Niemand ist eine Insel (German Edition)
glückliche Familie. Nur so, meine Freunde, kann man wirklich gute, internationale Filme machen.«
»Und wie recht Sie da haben, Monsieur Gintzburger«, flötete Anwalt Lejeune. »Mein Gott, wie recht!« Ich sah ihn an. Seine Totalglatze leuchtete im Licht eines Kronleuchters. Und er mußte – des Bauches wegen – wieder weit weg vom Tisch sitzen.
»Unser Denken ist weltweit«, sagte Joe, »und unser schöpferischer Drang wird immer aufs neue gespeist von der Kraft, die aus unserer humanen Gesinnung kommt.«
»Bravo!« sagte Anwalt Lejeune. Jetzt machte er sich über eine Käseplatte her.
»Was aber wären wir ohne unsere Sylvia«, sagte Joe und sah zur Zimmerdecke empor. »Diese wunderbare Frau. Diese herrliche Frau. Diese größte Filmschauspielerin, die ich kenne. Warum die größte?« Er wollte sich selbst die Frage beantworten, aber sein Public-Relation-Mann kam ihm zuvor, ein sehr smarter Junge.
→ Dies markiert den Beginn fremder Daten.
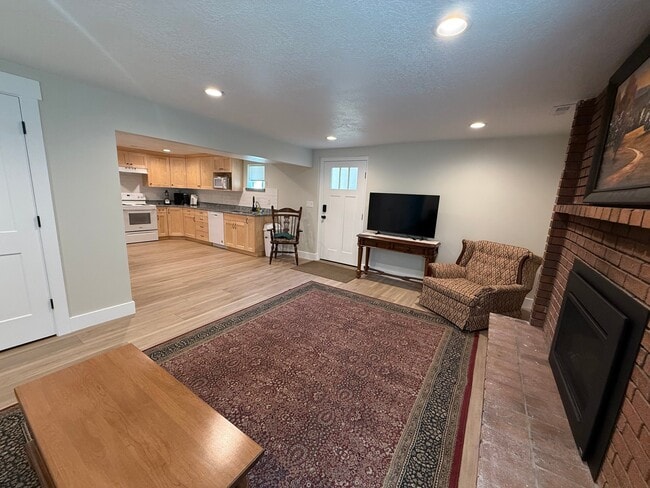 Photo - 6512 Rodeo Ln (Murray, UT) House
»Weil sie die meiste Menschlichkeit mitbringt, die meiste Güte, das tiefste, reinste Gefühl!« sagte dieser PR-Mann.
»So ist es«, sagte Joe, während ich an die Menschlichkeit, die Güte und das tiefste, reinste Gefühl denken mußte, das Sylvia da in der Garderobe des Fernsehsenders TMC zum Ausdruck gebracht hatte. »Ich sage Ihnen schon jetzt, meine Freunde, sogar VOM WINDE VERWEHT hat nur einen Bruchteil des Geldes eingebracht, den uns Sylvia und der KREIDEKREIS einbringen wird – ach was, das kann man gar nicht vergleichen! Sylvia wird alle Mütter der Welt erschüttern, Sylvia wird ihnen zeigen, was das ist – eine Mutter!« Er sah zu Lejeune. »Haben Sie noch eine Mutter, lieber Freund?«
»Ja, Monsieur Gintzburger.« Und ein Stückchen Camembert auf das Tischtuch.
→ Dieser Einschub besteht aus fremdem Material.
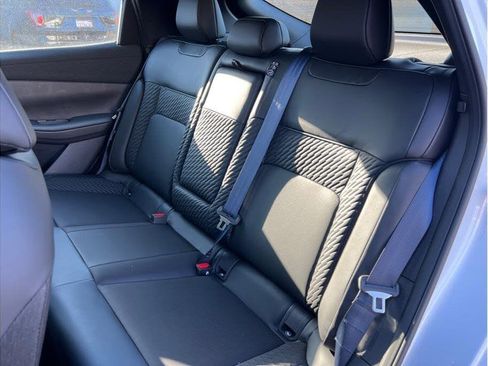 New 2026 Nissan Leaf Platinum+ w/ Floor Mat Package (Platinum+) image 16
»Dann tragen Sie sie auf Händen, lieber Freund.«
»Das tue ich, Mister Gintzburger.« Und noch ein Stückchen.
»Tragen Sie Ihre Mutter auf Händen«, sagte Joe, und seine Stimme zitterte vor Rührung. »Denn dies ist das größte Glück: Wenn man noch eine Mutter hat. Ich habe …« – Joe mußte seine Nase putzen – »… keine mehr. Mütter! Das Verehrungswürdigste auf der Welt! Deshalb machen wir den KREIDEKREIS, meine Herrschaften!«
Ich sah den Regisseur da Cava an. Er erwiderte meinen Blick verwirrt und unglücklich. Du wirst noch was erleben, dachte ich. Hoffentlich hast du gute Nerven, um dich durchzusetzen gegen dieses Erzschwein Gintzburger.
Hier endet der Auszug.